• _Supplied material_:
--

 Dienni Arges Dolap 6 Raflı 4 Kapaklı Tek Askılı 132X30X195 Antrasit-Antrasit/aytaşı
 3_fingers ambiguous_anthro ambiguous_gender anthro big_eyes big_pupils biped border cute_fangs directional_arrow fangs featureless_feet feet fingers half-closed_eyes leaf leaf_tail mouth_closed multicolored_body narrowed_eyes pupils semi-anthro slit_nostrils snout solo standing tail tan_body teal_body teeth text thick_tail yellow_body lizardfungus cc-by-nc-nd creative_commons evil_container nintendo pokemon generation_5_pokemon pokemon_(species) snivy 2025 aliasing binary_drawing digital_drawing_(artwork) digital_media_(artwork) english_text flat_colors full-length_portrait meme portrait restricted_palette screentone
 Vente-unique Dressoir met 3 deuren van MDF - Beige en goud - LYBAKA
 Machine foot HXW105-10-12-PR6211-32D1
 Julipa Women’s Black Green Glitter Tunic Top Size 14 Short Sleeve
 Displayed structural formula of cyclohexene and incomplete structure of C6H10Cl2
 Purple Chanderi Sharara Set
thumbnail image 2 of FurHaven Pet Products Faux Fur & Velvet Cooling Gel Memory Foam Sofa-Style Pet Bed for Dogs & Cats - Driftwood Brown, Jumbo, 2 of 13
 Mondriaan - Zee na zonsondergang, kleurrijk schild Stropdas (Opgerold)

--

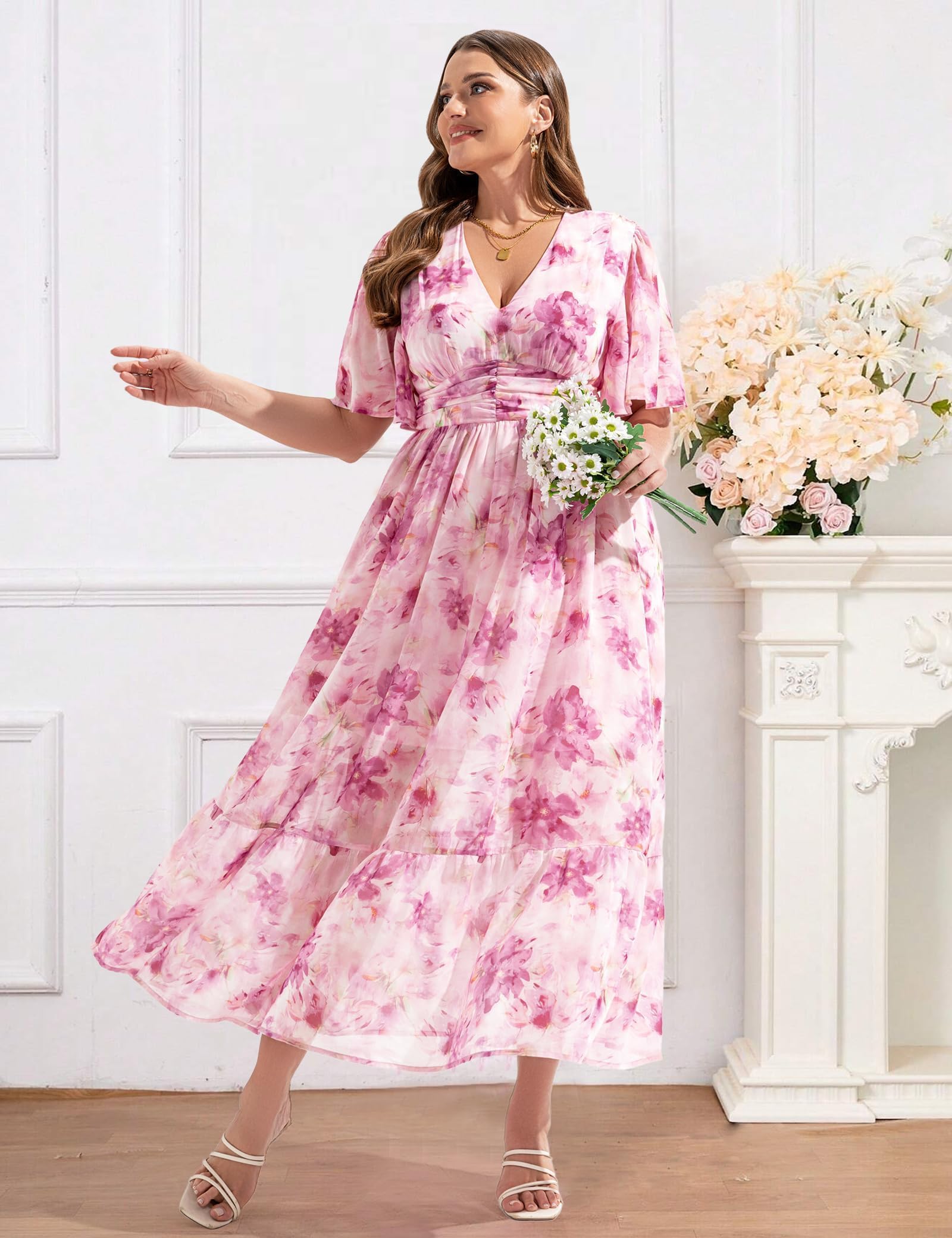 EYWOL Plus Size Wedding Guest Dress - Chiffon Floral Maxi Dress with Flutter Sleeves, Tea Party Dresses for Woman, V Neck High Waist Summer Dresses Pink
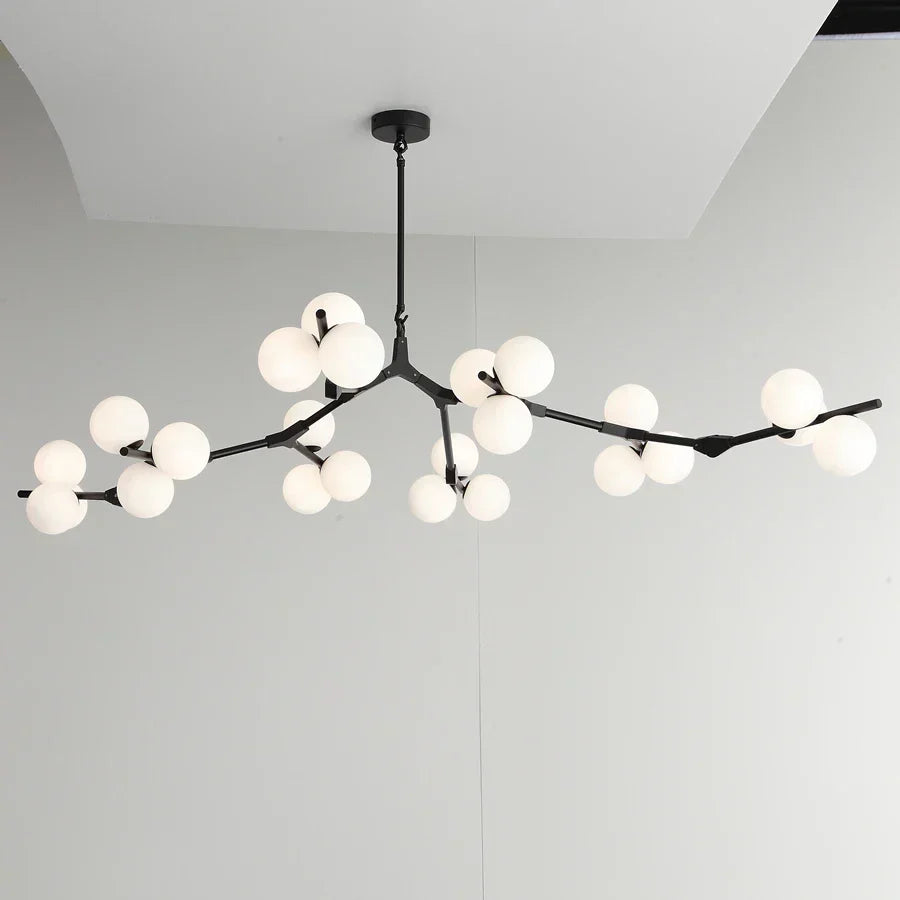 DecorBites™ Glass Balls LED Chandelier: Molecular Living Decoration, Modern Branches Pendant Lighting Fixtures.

--

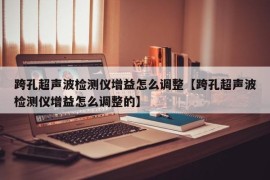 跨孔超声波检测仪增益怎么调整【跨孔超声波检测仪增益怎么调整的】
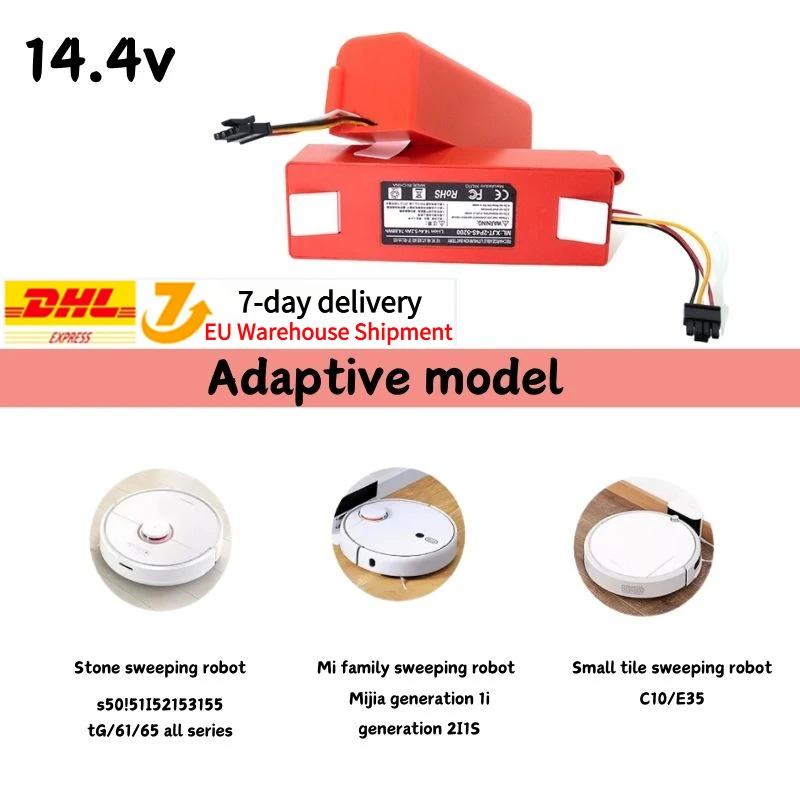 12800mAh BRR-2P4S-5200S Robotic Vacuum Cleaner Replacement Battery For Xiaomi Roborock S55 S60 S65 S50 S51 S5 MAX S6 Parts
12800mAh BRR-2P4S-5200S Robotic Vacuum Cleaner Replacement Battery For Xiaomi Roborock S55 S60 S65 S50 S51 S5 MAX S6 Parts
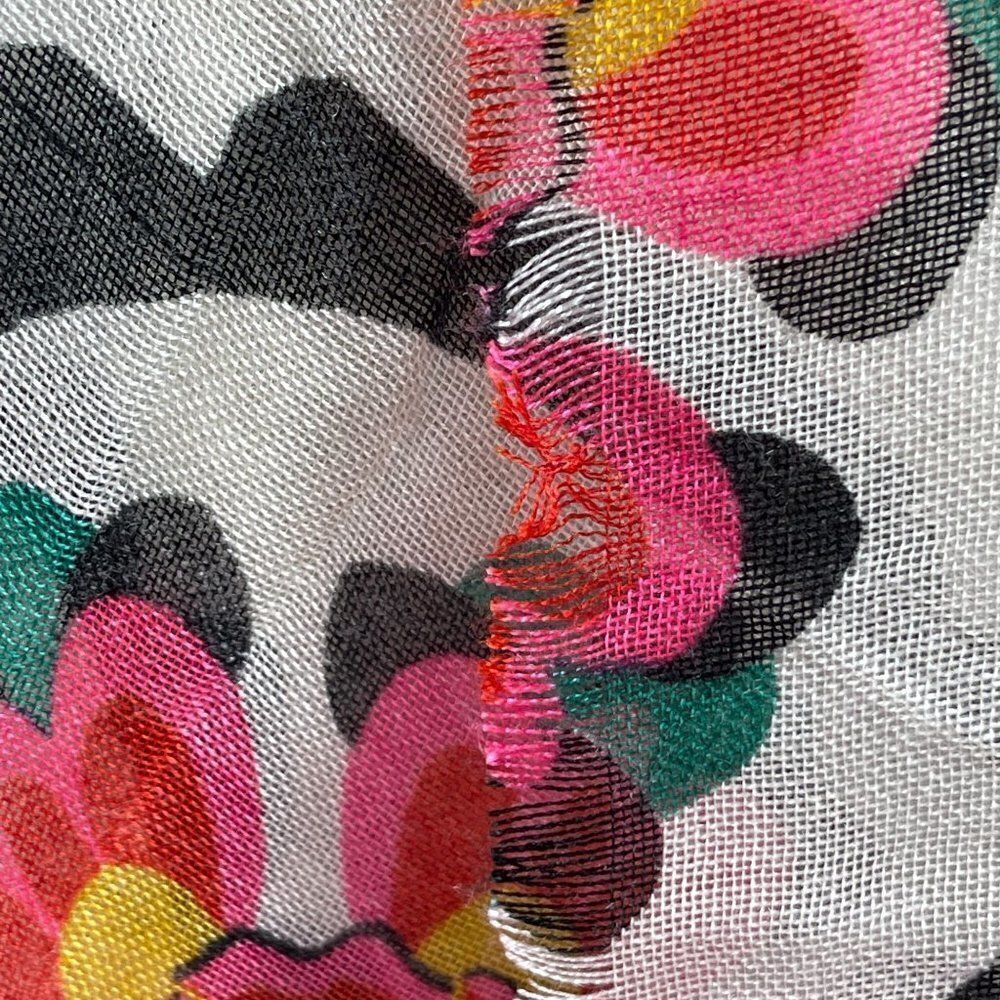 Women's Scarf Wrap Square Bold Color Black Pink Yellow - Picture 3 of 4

--

• _Your objective_: What you need to produce is an exact copy of the entries above, limited to the lines from the one with "EYWOL Plus Size" up to and including the one with "DecorBites™ Glass Balls", without pictures.

• _Task solution_:
 EYWOL Plus Size Wedding Guest Dress - Chiffon Floral Maxi Dress with Flutter Sleeves, Tea Party Dresses for Woman, V Neck High Waist Summer Dresses Pink
 DecorBites™ Glass Balls LED Chandelier: Molecular Living Decoration, Modern Branches Pendant Lighting Fixtures.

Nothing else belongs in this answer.